Last year Blonde and Brunette were in the Costa Brava region of Spain and kept intending to go to the Cap Roig Botanic Gardens but somehow never quite made it there.
When we began to plan a return trip to the region this year the person with whom we were arranging a home exchange mentioned the annual music festival held at the gardens. Brunette began feverishly plotting an excursion to the Botanic Gardens. As Brunette did her research she discovered that the opening night singer for the festival was going to be Sir Elton John. Although she had enjoyed perhaps two of his songs in another century she became completely obsessed with getting tickets to the concert .

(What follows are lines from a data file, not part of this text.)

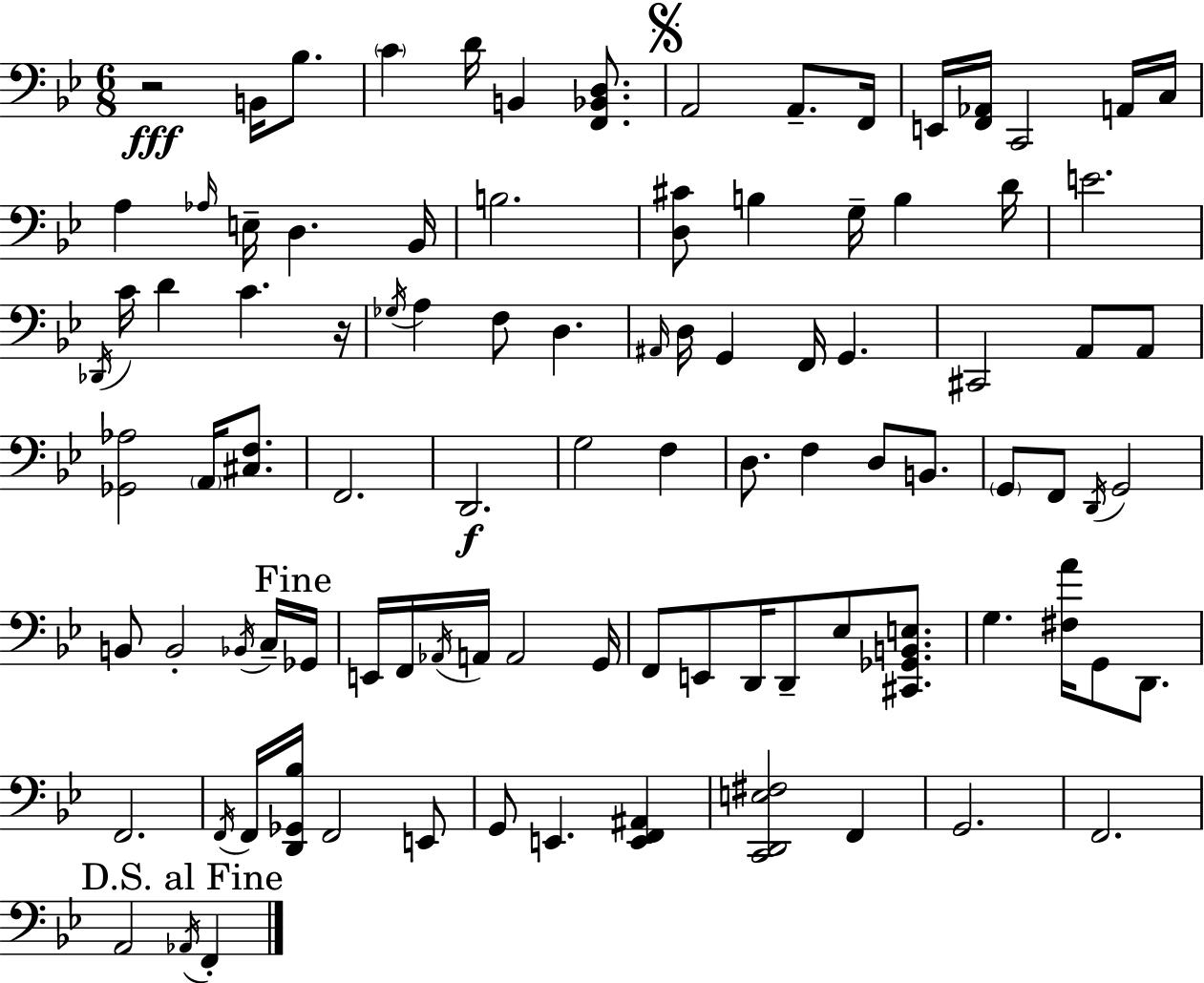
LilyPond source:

{
  \clef bass
  \numericTimeSignature
  \time 6/8
  \key bes \major
  r2\fff b,16 bes8. | \parenthesize c'4 d'16 b,4 <f, bes, d>8. | \mark \markup { \musicglyph "scripts.segno" } a,2 a,8.-- f,16 | e,16 <f, aes,>16 c,2 a,16 c16 | \break a4 \grace { aes16 } e16-- d4. | bes,16 b2. | <d cis'>8 b4 g16-- b4 | d'16 e'2. | \break \acciaccatura { des,16 } c'16 d'4 c'4. | r16 \acciaccatura { ges16 } a4 f8 d4. | \grace { ais,16 } d16 g,4 f,16 g,4. | cis,2 | \break a,8 a,8 <ges, aes>2 | \parenthesize a,16 <cis f>8. f,2. | d,2.\f | g2 | \break f4 d8. f4 d8 | b,8. \parenthesize g,8 f,8 \acciaccatura { d,16 } g,2 | b,8 b,2-. | \acciaccatura { bes,16 } c16-- \mark "Fine" ges,16 e,16 f,16 \acciaccatura { aes,16 } a,16 a,2 | \break g,16 f,8 e,8 d,16 | d,8-- ees8 <cis, ges, b, e>8. g4. | <fis a'>16 g,8 d,8. f,2. | \acciaccatura { f,16 } f,16 <d, ges, bes>16 f,2 | \break e,8 g,8 e,4. | <e, f, ais,>4 <c, d, e fis>2 | f,4 g,2. | f,2. | \break \mark "D.S. al Fine" a,2 | \acciaccatura { aes,16 } f,4-. \bar "|."
}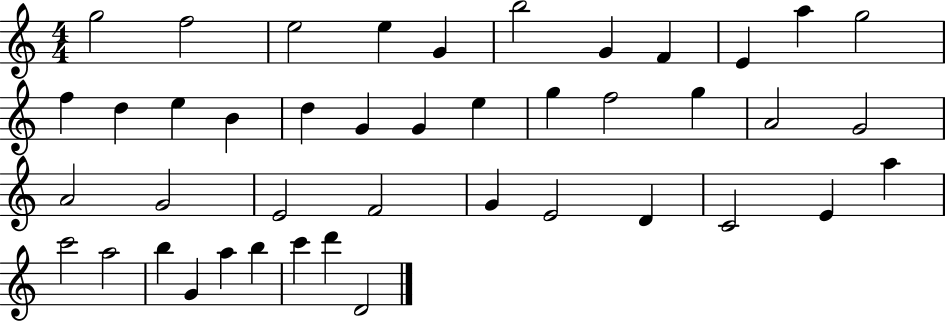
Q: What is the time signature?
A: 4/4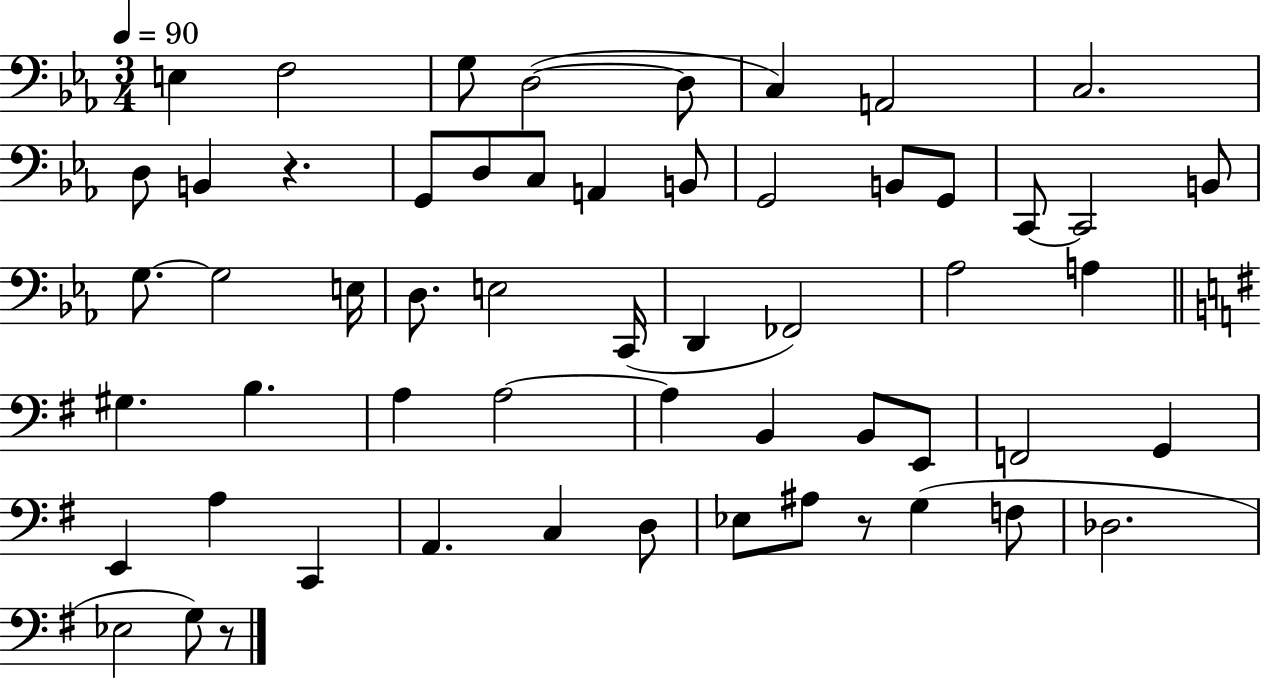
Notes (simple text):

E3/q F3/h G3/e D3/h D3/e C3/q A2/h C3/h. D3/e B2/q R/q. G2/e D3/e C3/e A2/q B2/e G2/h B2/e G2/e C2/e C2/h B2/e G3/e. G3/h E3/s D3/e. E3/h C2/s D2/q FES2/h Ab3/h A3/q G#3/q. B3/q. A3/q A3/h A3/q B2/q B2/e E2/e F2/h G2/q E2/q A3/q C2/q A2/q. C3/q D3/e Eb3/e A#3/e R/e G3/q F3/e Db3/h. Eb3/h G3/e R/e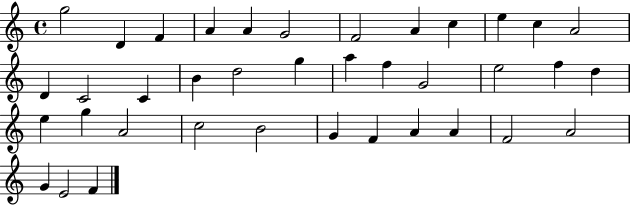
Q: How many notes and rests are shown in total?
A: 38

She contacted random strangers on Facebook, got Blonde to embarrass herself asking people for inappropriate and unobtainable favors and in general could not be dissuaded from her search.
We were told that it is illegal to sell concert tickets in Spain for more than the face value of the ticket. However, apparently some enterprising types have developed schemes where they sell a ticket and a pencil for which they paid, for example, 350 euros for the ticket and are “including the pencil” for the price of 1,600 euros but the ticket is at “face value”. Brunette, who can get huffy about paying a couple euros for a bottle of water ,was soon proposing that we consider paying over 1,000 euros for two tickets. Although notoriously financially reckless, Blonde was having none of it.

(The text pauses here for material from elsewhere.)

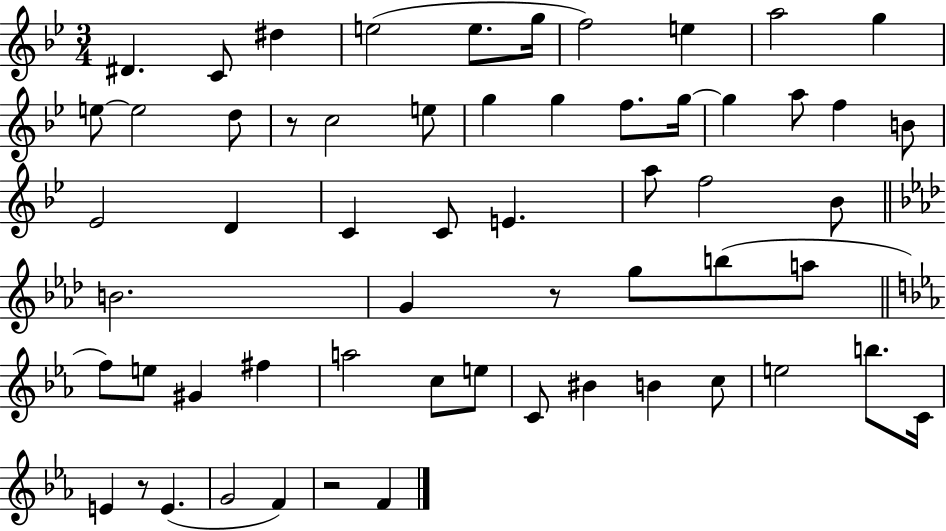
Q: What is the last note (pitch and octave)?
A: F4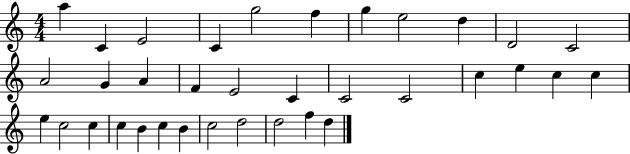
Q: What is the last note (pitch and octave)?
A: D5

Brunette harkened back to the days a few years ago when a book called “The Secret” promised that if you really focused on something it would manifest. If that’s true then why are we both still short and George Clooney hasn’t appeared in either of our beds?

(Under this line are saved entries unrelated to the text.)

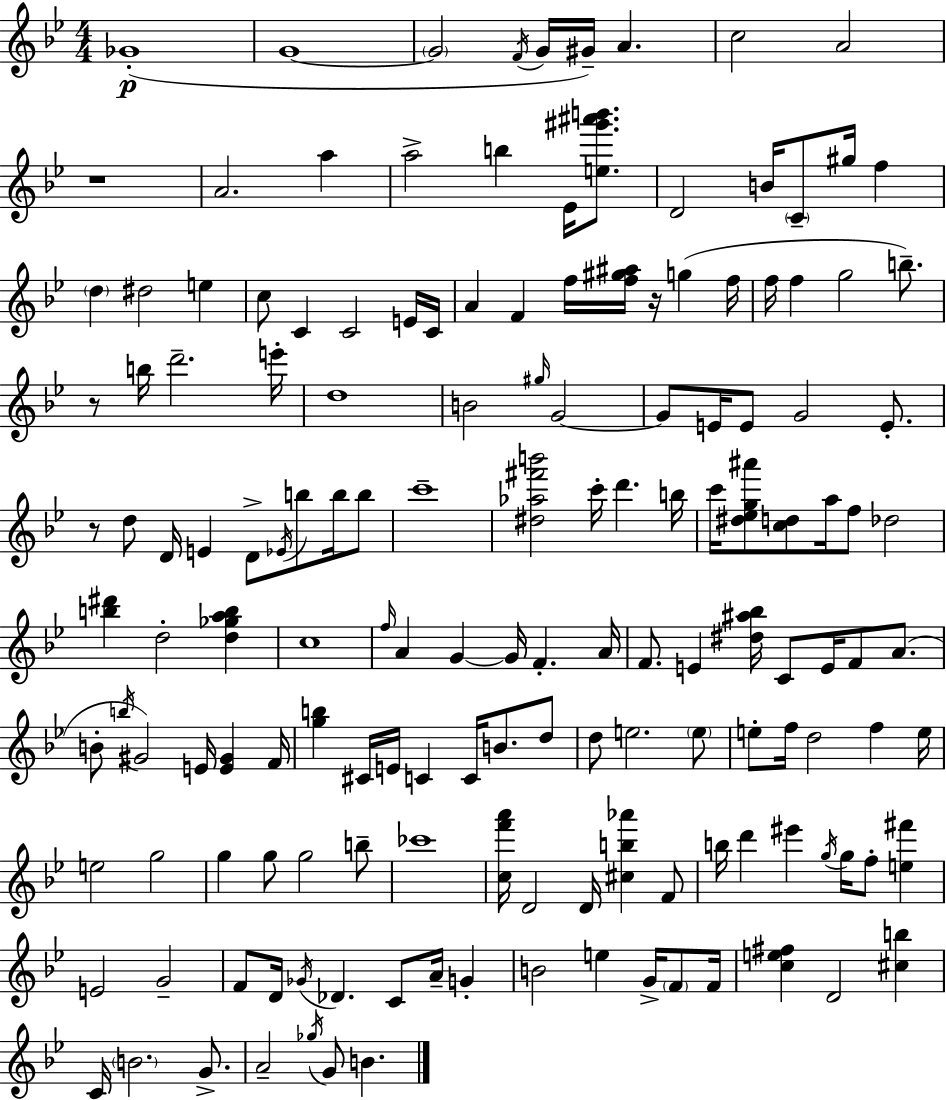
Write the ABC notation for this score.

X:1
T:Untitled
M:4/4
L:1/4
K:Bb
_G4 G4 G2 F/4 G/4 ^G/4 A c2 A2 z4 A2 a a2 b _E/4 [e^g'^a'b']/2 D2 B/4 C/2 ^g/4 f d ^d2 e c/2 C C2 E/4 C/4 A F f/4 [f^g^a]/4 z/4 g f/4 f/4 f g2 b/2 z/2 b/4 d'2 e'/4 d4 B2 ^g/4 G2 G/2 E/4 E/2 G2 E/2 z/2 d/2 D/4 E D/2 _E/4 b/2 b/4 b/2 c'4 [^d_a^f'b']2 c'/4 d' b/4 c'/4 [^d_eg^a']/2 [cd]/2 a/4 f/2 _d2 [b^d'] d2 [d_gab] c4 f/4 A G G/4 F A/4 F/2 E [^d^a_b]/4 C/2 E/4 F/2 A/2 B/2 b/4 ^G2 E/4 [E^G] F/4 [gb] ^C/4 E/4 C C/4 B/2 d/2 d/2 e2 e/2 e/2 f/4 d2 f e/4 e2 g2 g g/2 g2 b/2 _c'4 [cf'a']/4 D2 D/4 [^cb_a'] F/2 b/4 d' ^e' g/4 g/4 f/2 [e^f'] E2 G2 F/2 D/4 _G/4 _D C/2 A/4 G B2 e G/4 F/2 F/4 [ce^f] D2 [^cb] C/4 B2 G/2 A2 _g/4 G/2 B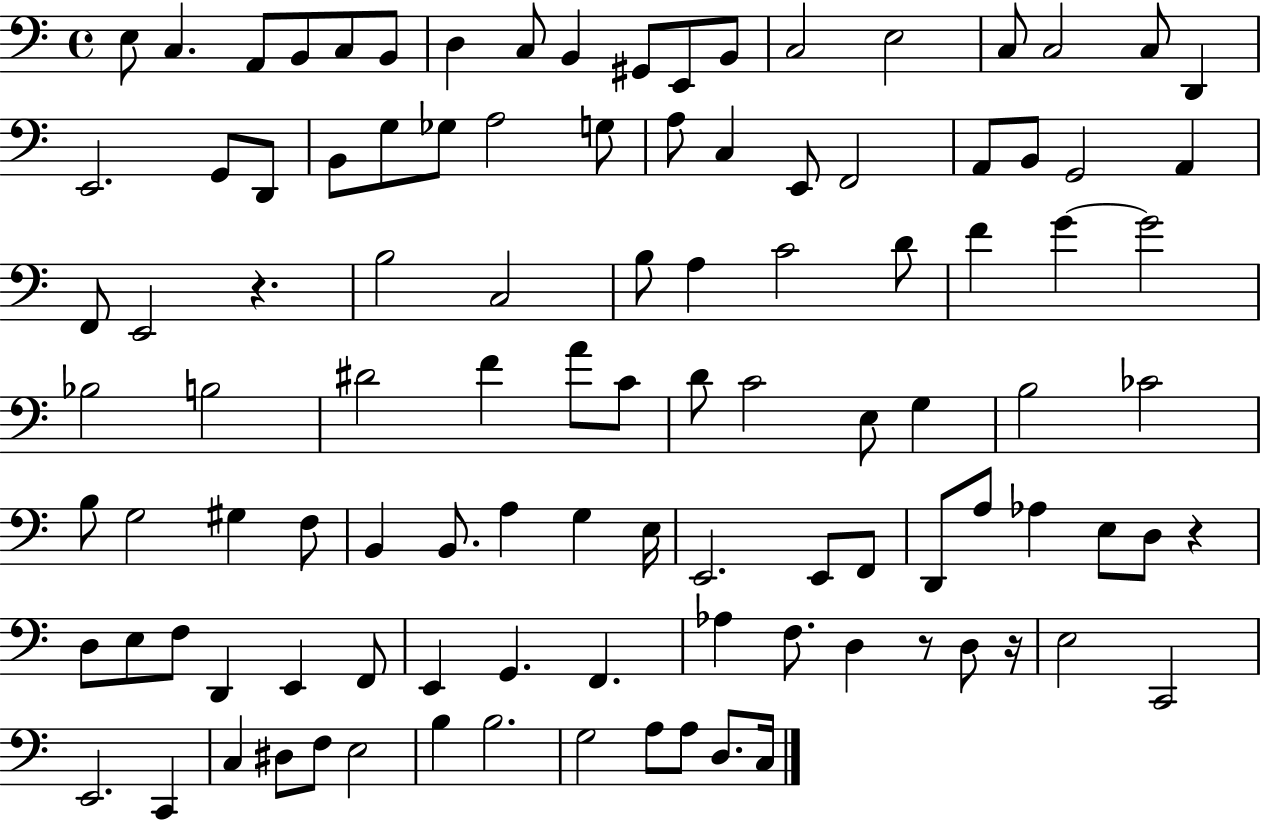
E3/e C3/q. A2/e B2/e C3/e B2/e D3/q C3/e B2/q G#2/e E2/e B2/e C3/h E3/h C3/e C3/h C3/e D2/q E2/h. G2/e D2/e B2/e G3/e Gb3/e A3/h G3/e A3/e C3/q E2/e F2/h A2/e B2/e G2/h A2/q F2/e E2/h R/q. B3/h C3/h B3/e A3/q C4/h D4/e F4/q G4/q G4/h Bb3/h B3/h D#4/h F4/q A4/e C4/e D4/e C4/h E3/e G3/q B3/h CES4/h B3/e G3/h G#3/q F3/e B2/q B2/e. A3/q G3/q E3/s E2/h. E2/e F2/e D2/e A3/e Ab3/q E3/e D3/e R/q D3/e E3/e F3/e D2/q E2/q F2/e E2/q G2/q. F2/q. Ab3/q F3/e. D3/q R/e D3/e R/s E3/h C2/h E2/h. C2/q C3/q D#3/e F3/e E3/h B3/q B3/h. G3/h A3/e A3/e D3/e. C3/s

But we focused on conjuring up tickets to see Elton John. Some promising conjuring signs began to occur. We went to visit the Botanic Gardens and tried to walk into where the workers were setting up the stage and bleachers. We were told to leave and had the gates locked behind us.
That same night in Spain we were watching music videos on TV. Blonde said she’d like to hear a song by Of Monsters and Men. The next song was by Of Monsters and Men. OK, a coincidence.
Then a discussion ensued as to how astoundingly unattractive, yet oddly appealing, Steven Tyler is. The next movie video was Aerosmith and prominently featured Steven Tyler. Brunette was convinced that Blonde had the whole conjuring thing going on.
Brunette had also read about “ley lines” which supposedly exist in Spain. Wikipedia quite justifiably describes ley lines as basically hocus pocus. “New Age occultists claim ley lines are sources of power or energy. According to Robert T. Carroll, there is no evidence for this belief save the usual subjective certainty based on uncontrolled observations by untutored devotees. Nevertheless, advocates claim that the alleged energy may be related to magnetic fields. None of this has been scientifically verified.”
Brunette, who is a massive skeptic re anything new age, decided we must be near a ley line and her psychic energy was somehow connecting with it. Completely plausible (to a Scientologist).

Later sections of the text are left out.